My second Russki rendezvous took place ten days later in L.A., when I went out to Westwood to look at the new Armand Hammer Museum and its inaugural show, “Kasimir Malevich, 1878-1935.” First, some nasty words about the museum of the lately-deceased eponym. Hammer’s vanity surpasses anything I’ve yet encountered in the ego-centralizing world of High Culture.
A humongous and egregiously bad full-length portrait of the donor hisself dominates the stairway to the main portal. To its lower right is a framed letter, en francais, from Danielle Mitterrand to AH, telling him what a great guy and giver he is—translated into English for the great unwashed who want a scrubbing.
There’s one Van Gogh in the museum that’s as glorious as the other four VGs are gross: you couldn’t give them to me. And there’s enough Daumier to start a separate museum on him. (I’m with Will Rogers on Honore: I’ve never seen a D. I didn’t like.) And then there’s the separate dark chamber in which we’re beseeched to genuflect before Leonardo DaVinci engineering drawings ever so humbly dubbed the Codex Hammer. (Sorry, Leonardo, you only made them drawings; Armand bought ‘em.)
Which brings us to Kasimir. I just love his cubistical peasants. Their rotundities make you want to reach out and caress them. You remember those old snides about Khrushchev’s dumpy fat wife, Nina? Well, Malevich transforms the dross of their flab into the glory of his canvases. Here’s a Midas of the mawky.

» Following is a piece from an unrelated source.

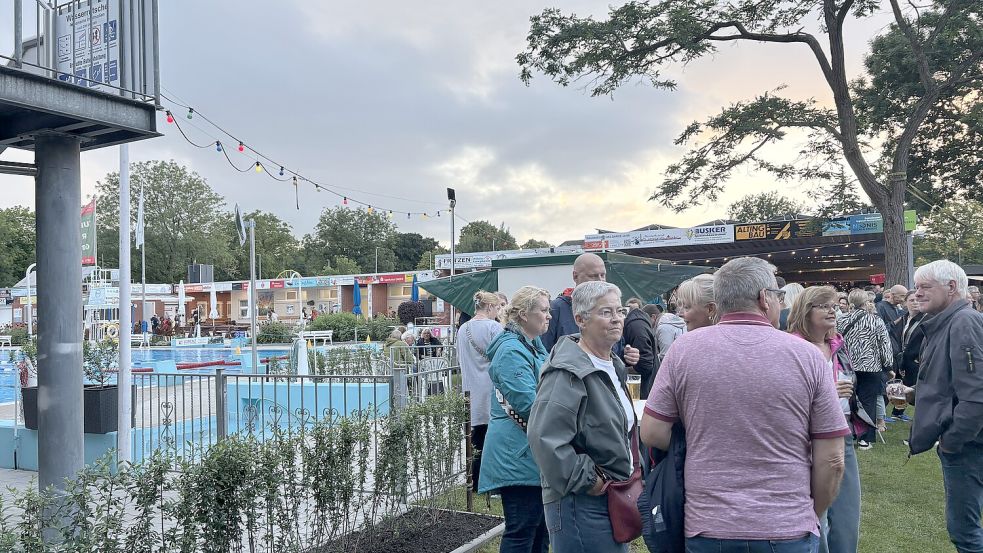 Auf der Wiese neben dem großen Schwimmbecken räkeln sich normalerweise bei gutem Wetter Badegäste in der Sonne. Beim Mitternachtsschwimmen stehen hier die Besucher bei Livemusik, Gegrilltem und Cocktails. Foto: Mona Hanssen
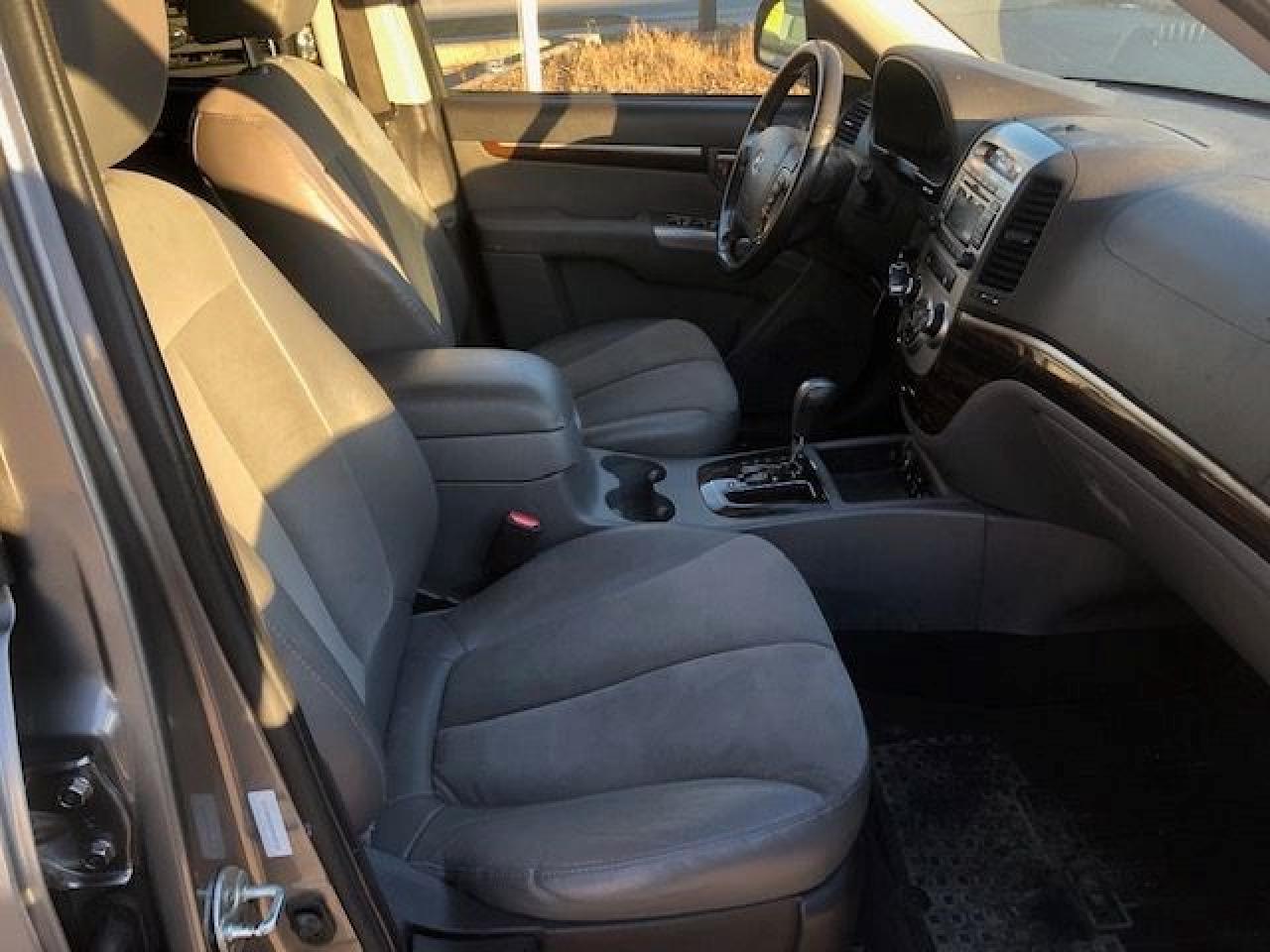 2011 Hyundai Santa Fe GLS 3.5 Photo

But when Malevich dropped this genre and tried to invent Suprematism, he lost me—and became almost as boring as the ridiculously overrated Kandinsky (as the Godfather of Ab Ex, he had to be theogonized). Happily, Kasimir gave up the Big S when Socialist Realism started rearing its ugly headlessness. Unhappily, when Malevich returned to his Precisionist-looking peasants, he’d lost the knack.
But I return again and again to his first fine, careless cubistical genre paintings of the peasants he knew so well, being one himself.
The third stop on my month-long Russki odyssey took place in D.C. The Welcomat’s Kiki the Olson came raving in after Christmas about how she and Sam had levitated over a Smithsonian sally on 600 years of Moscow, as seen in its arts and arty facts. When Kiki says go, I go. It warn’t as glorious as the old Keek touted, but was well worth the trip. I be an Ikon Lover. Stasis is the way I want them.
Incidentally, Washington’s Union Station, in a crude maneuver to keep the homeless from living out of their lockers at 75 cents a day, has upped the ante to 75 cents for the first half hour, up to a maximum of $4. It would be almost as cheap to check into a hotel or get a hernia operation after carrying your bags around. It makes you want to start a luggage storage revolution. Rodchenko, comrade, where are you when I really need you?
But there’s good news coming: MOMA is fielding a retro of my very favorite mental Russian girl friend, Popova, this coming season. When I told my Intourist guide in Leningrad I had the secret hots for Lyubov, she smiled: Lyubov means “love” in Russki, she explained. Nice, eh?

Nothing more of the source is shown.